# Task objective
Would you write out the lines below exactly, from the one containing "Fresco Natural Solid" to the very last, but without the pictures?

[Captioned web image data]
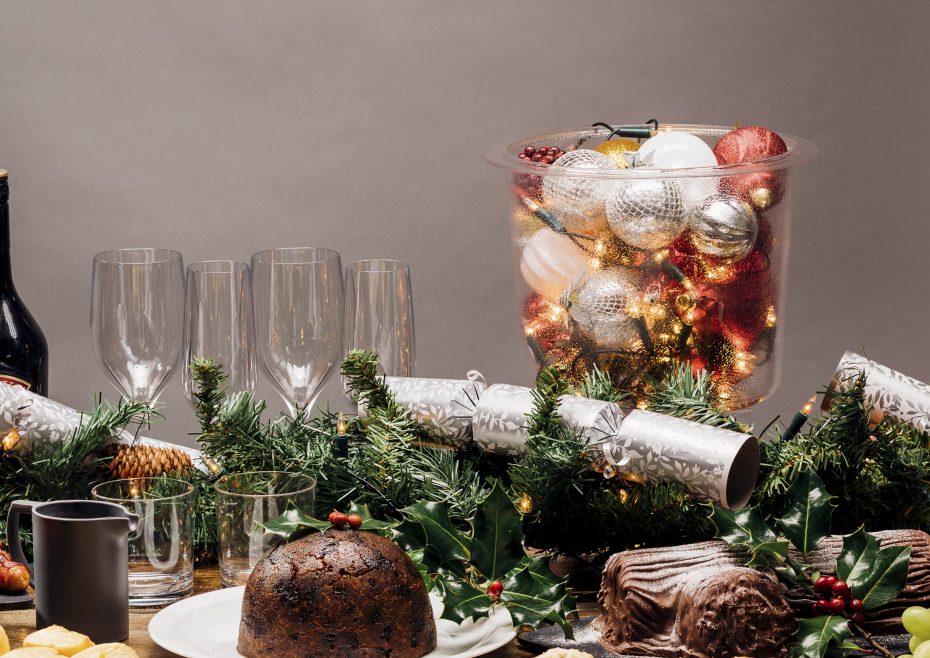 Large Serving Container with Bobbles at Christmas Dinner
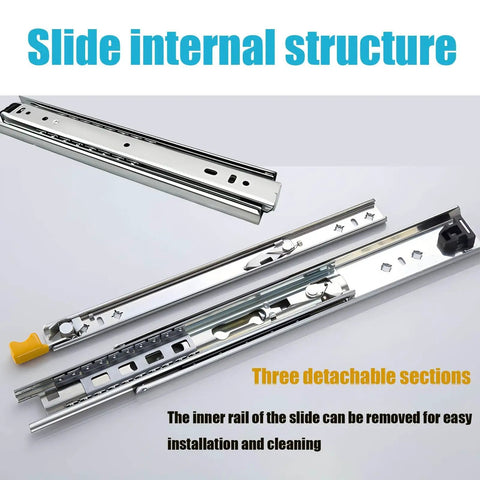 Beefy Heavy Duty Drawer Slides 350 To 1500mm Full Extension Side Mount Runners With Lock internal structure view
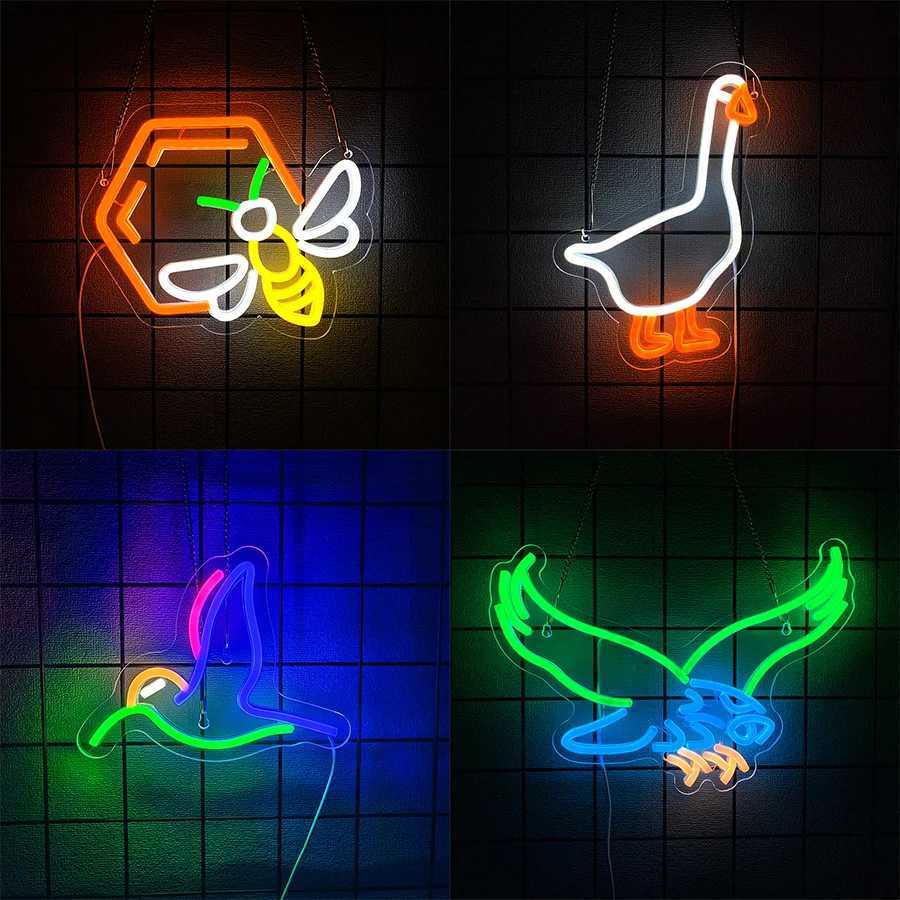 Animal Led Neon Sign Cartoon Icon Art Wall Lamp Usb Powered Used For Bedroom Home Club Game Room Office Bar Decor H251201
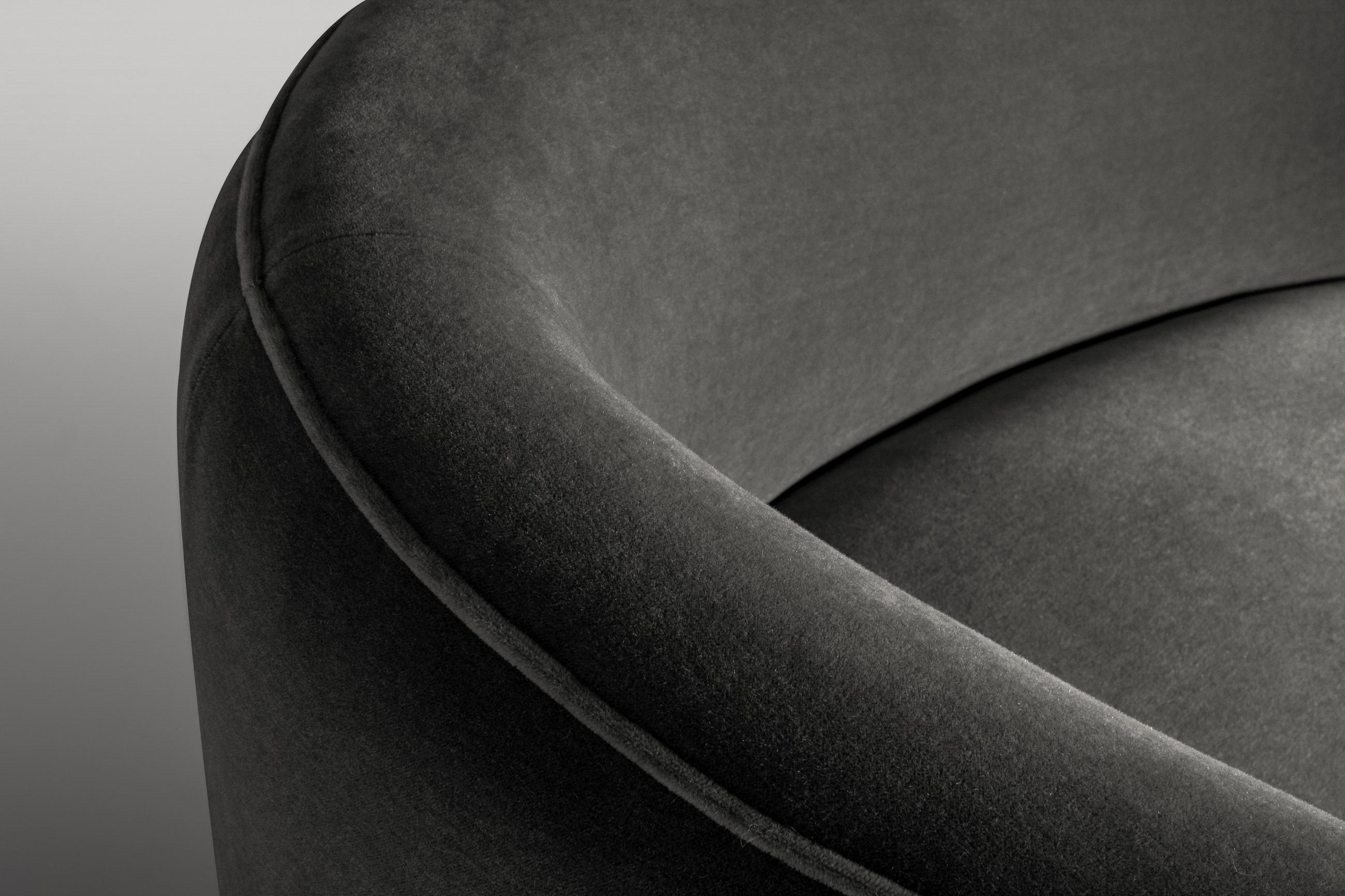 Curved Danish Banana Sofa in Rich Mohair 3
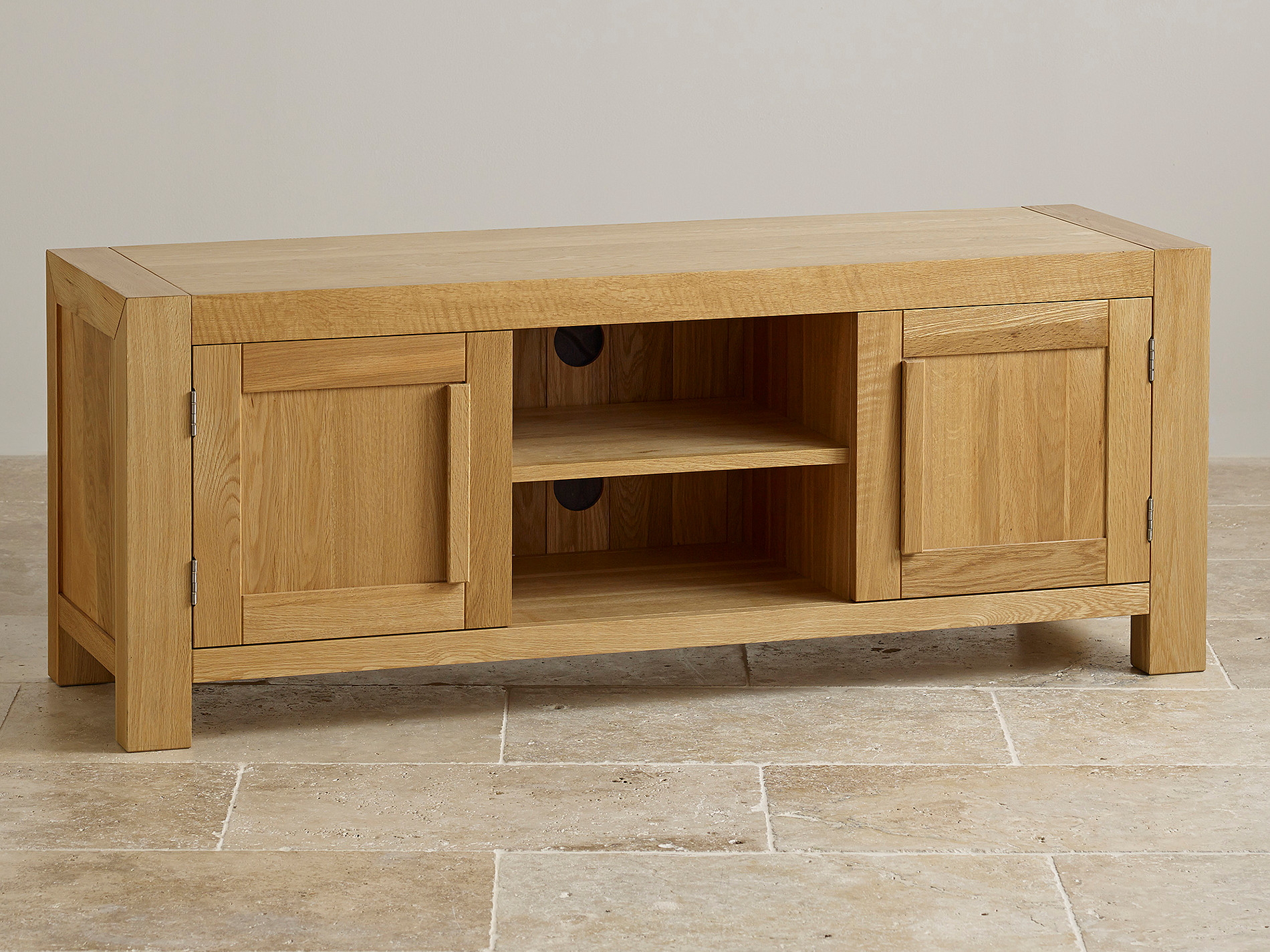 Fresco Natural Solid Oak Widescreen TV Lounge Furniture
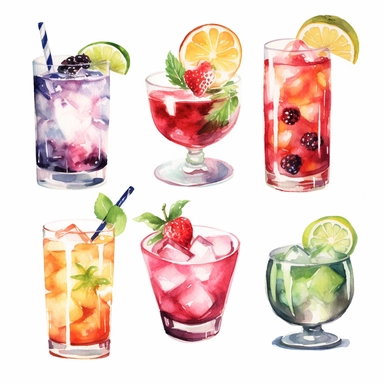 Alcohol cocktail collection. Watercolor illustration. Drinks clipart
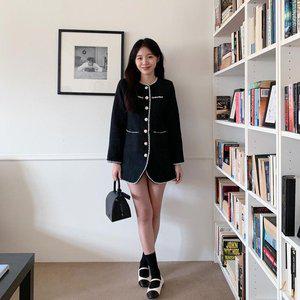 [옷자락]여자 봄 하객룩 스티치 트위드 진주 자켓 미니원피스_P354390514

# Response
 Fresco Natural Solid Oak Widescreen TV Lounge Furniture
 Alcohol cocktail collection. Watercolor illustration. Drinks clipart
 [옷자락]여자 봄 하객룩 스티치 트위드 진주 자켓 미니원피스_P354390514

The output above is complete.